Write every line of the material again exactly, with no pictures in the copy.

Information supplied:

————————

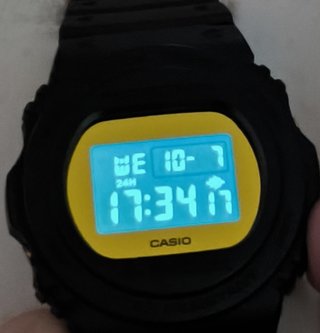 Reloj Casio G-Shock DW-5700 Metallic Mirror Face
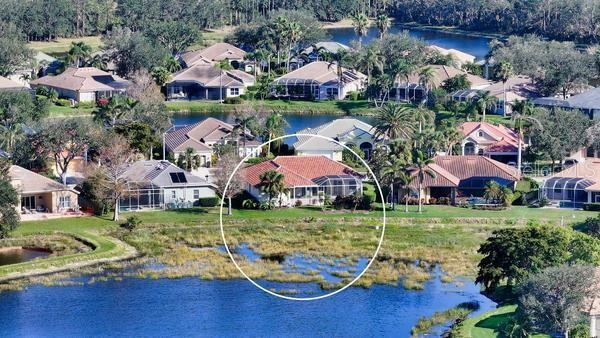 bird's eye view featuring a residential view and a water view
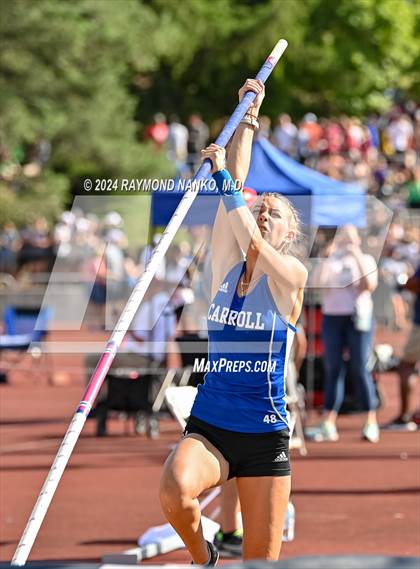 Thumbnail 1 in IHSAA Finals (Pole Vault)  photogallery.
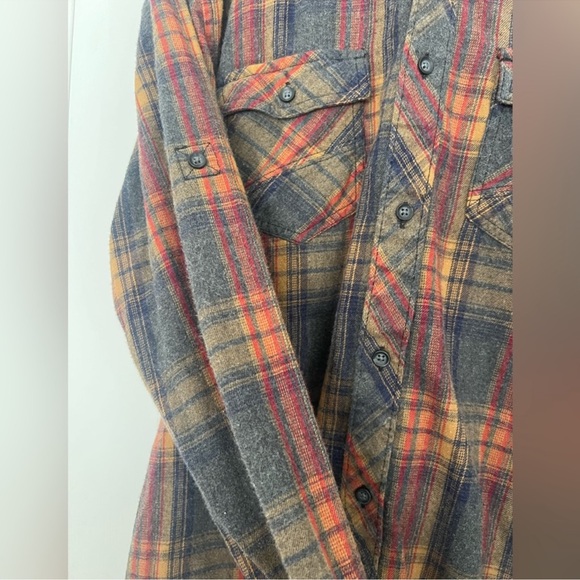 Rock & Republic Plaid Flannel Button Down Shirt Size XL - Picture 4 of 5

————————

Answer section:
 Reloj Casio G-Shock DW-5700 Metallic Mirror Face
 bird's eye view featuring a residential view and a water view
 Thumbnail 1 in IHSAA Finals (Pole Vault)  photogallery.
 Rock & Republic Plaid Flannel Button Down Shirt Size XL - Picture 4 of 5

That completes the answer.